These tips are essential for anyone booking campground reservations. Learn from our mistakes as we didn't realize we had to book months in an advance to even get a decent spot. We also learned a few things to ask when making camping reservations.
Back when we first got our first pop-up trailer for weekend camping, we couldn't wait to get the kids family camping outdoors.
Full of excitement, I went to Facebook and asked my local friends for their campground recommendations. We got lots of feedback right away and a couple of people had actually mentioned the same campground.
Finding a campground
I couldn't wait for June to get here. Finally, June 1st I gave them a call to book a site. What a surprise I got when I found out they were completely for the entire summer. What?! But it's not even summer yet?! Kids are still in school. I was told I should have actually called in early April to reserve for the summer months.
Well, we were able to book at some places and we had a great time. Yet, I was disappointed to not be able to stay at the campground that was recommended by our friends.
Fast forward 9 months later, I called this same campground in April. Not only was I able to reserve a weekend there for my family, we were given choices on which spot we wanted. Lesson learned!
Here are my best tips for booking a campground and reserving your perfect spot!
Do the research
Remember how I wanted to camp at the place all my mom friends had recommended? Here's the thing, figure out what what works for you and your family. We went to so-called popular place and it was just that - way overcrowded. It was not something I would have picked for our family at all.
The first step in booking a campground is of course to decide which campground you want to stay at. There are two ways to go about doing this.
- Research campgrounds
- Research things to do in the area
If you'll be just staying in the campground, then just research campgrounds you like near you or pick a specific state.
If you think your family would enjoy doing excursions from the campground, then find family fun things to do. Visiting Storyland or Santa's Village in New Hampshire this summer? How about a trip to Six Flags New England? Or a trip to hike the Green Mountains and eat Ben & Jerry Ice Cream? Once you figure out where you want to go, it's time to decide on what campground.

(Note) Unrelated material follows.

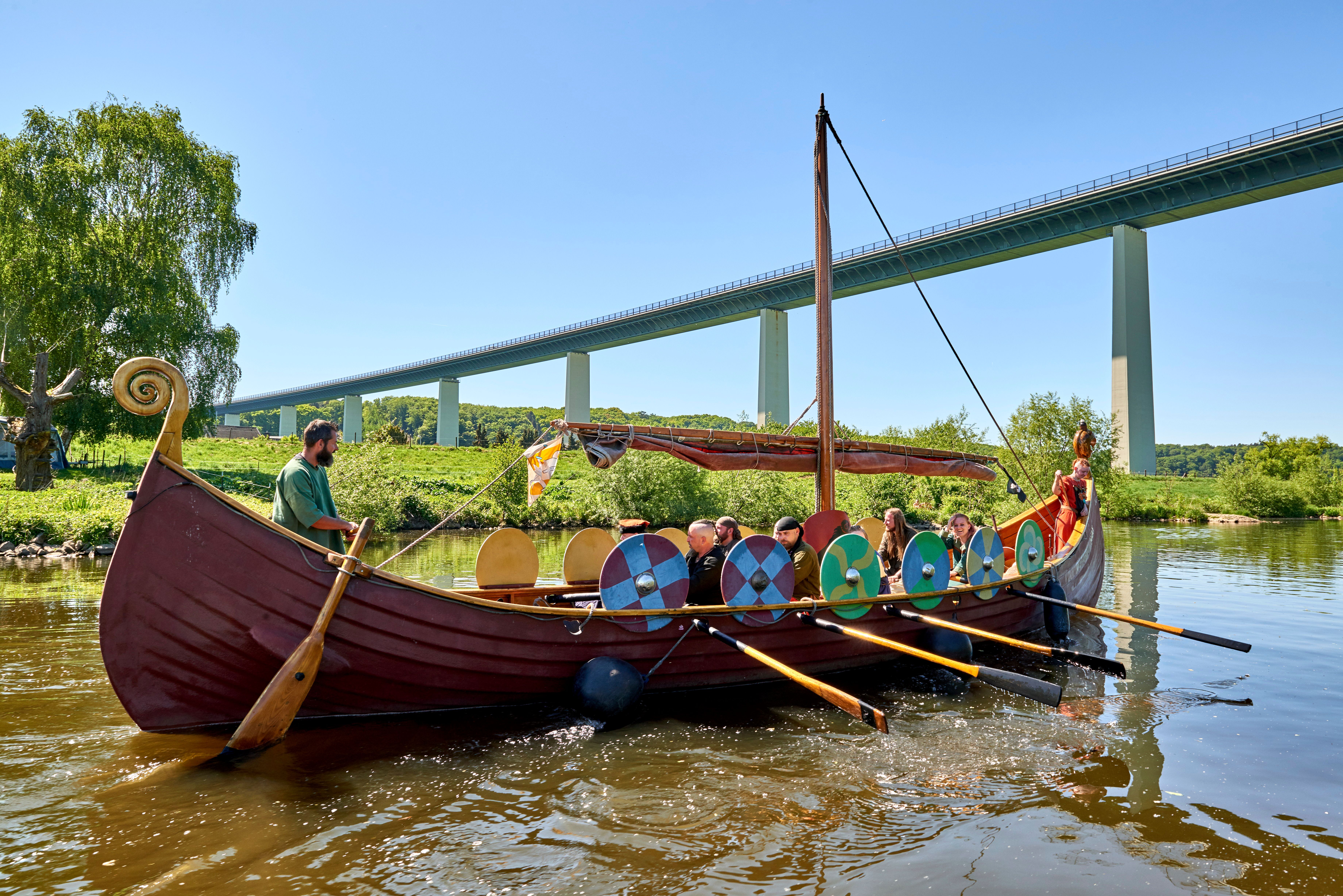 Ein Wikingerschiff mit Menschen auf einem Fluss, im Hintergrund eine Brücke und grüne Landschaft.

Where to find a campground
A list of campground directories to all the New England states, is what I needed. Another option is to check state parks and national parks near you.

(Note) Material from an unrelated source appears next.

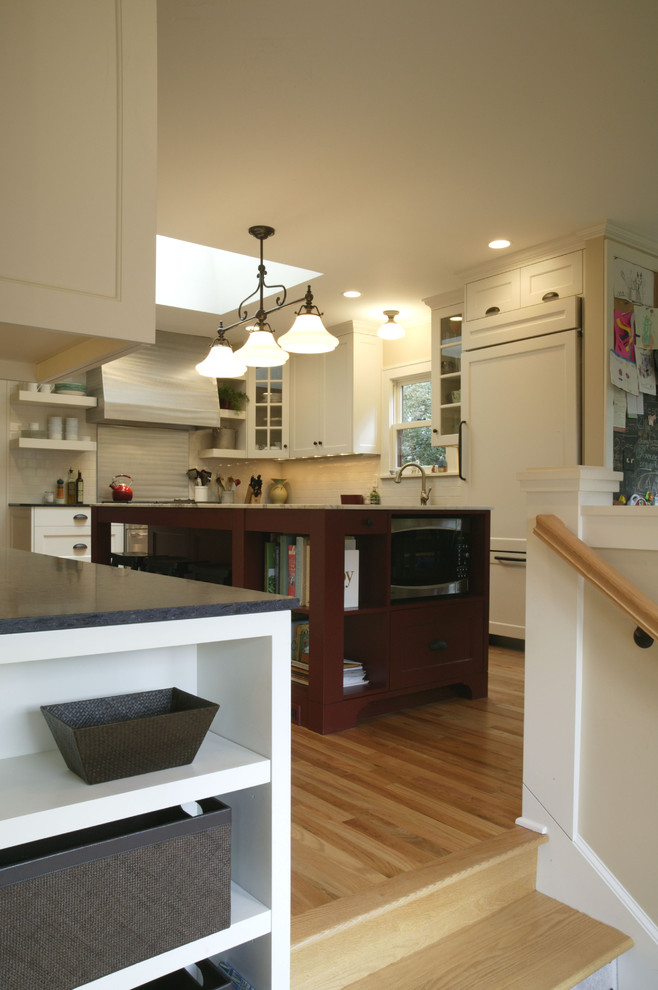 Eat-in kitchen - mid-sized traditional l-shaped light wood floor eat-in kitchen idea in Portland with an undermount sink, shaker cabinets, white cabinets, granite countertops, white backsplash, subway tile backsplash, paneled appliances and an island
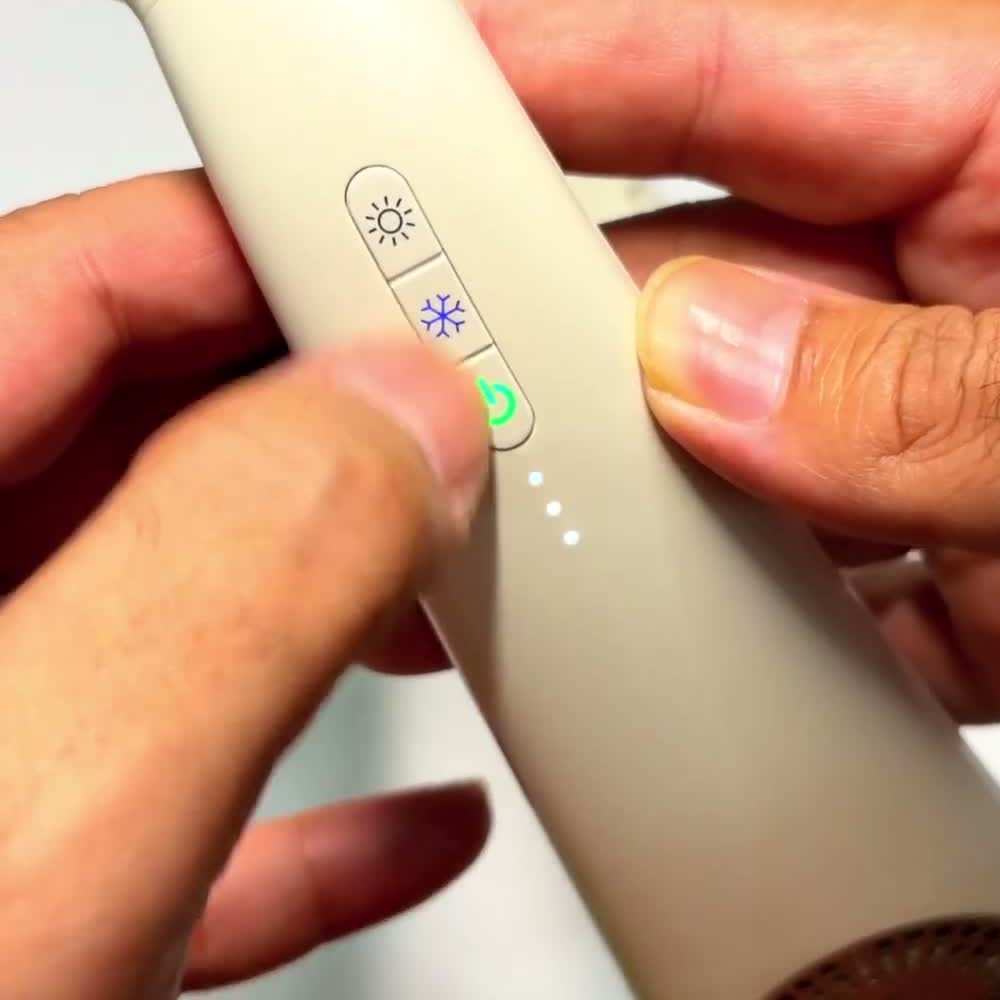 Close-up of the COOLiFY Air 2025 control button with its heating, cooling and power icons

If you decide to ask friends or family for camping recommendations, be sure to ask them what they liked and didn't like about the campground. This will aid in your decision on whether to pursue more research or skip it. A recommendation goes a long ways in my book, however, I wished I had asked more questions before deciding to stay there.
When booking a campground reservation, don't trust that they will put you in a nice spot because they are easy to talk to on the phone.
Seriously, you may call up and start swapping stories about your kids or travel adventures, but they want you to book a site with them. Of course, they think all their sites are amazing. But are they for you and your family?
We once ended up in the area where they put all the tent camping folks. Well, it wasn't ideal for us at all! It was far away from "civilization" and that may have been fine for most, but we had littles and it wasn't near the playground and kind of annoying to have to trek so far to things. I had no idea!
Here are some questions to ask yourself or the campground owner when determining the location of the site in the campground.
- Do you need to be by the bathrooms or playground, because you have small kids? We've gotten great sites close to everything when we requested a bathroom location, however, keep in mind, it may also be noisier when trying to get the kids to sleep at night.
- Would you prefer to be closer to the camp store or activities at night?
- Are you looking for a campsite with more of a "woodsy" feel and want to be away from it all?
- Are you able to park your campsite or do you have to carry everything to the site. (Be sure to ask this it will help a lot when it comes to packing!)
- Do you need water and electric? (Most sites do, but always good to ask.)
- Does the site come with a fire ring, picnic table and trash can? (Although most sites do provide these basic items, not all campgrounds are the same!)
- Do they cater to families and kids? What activities do they offer? Are the free? (Some campgrounds have fun games like candy bingo, or a dance party; often times a nominal fee is charged to participate which goes towards the cost of having the activity.)
- Are there state parks and/or hiking trails nearby? Will they provide maps?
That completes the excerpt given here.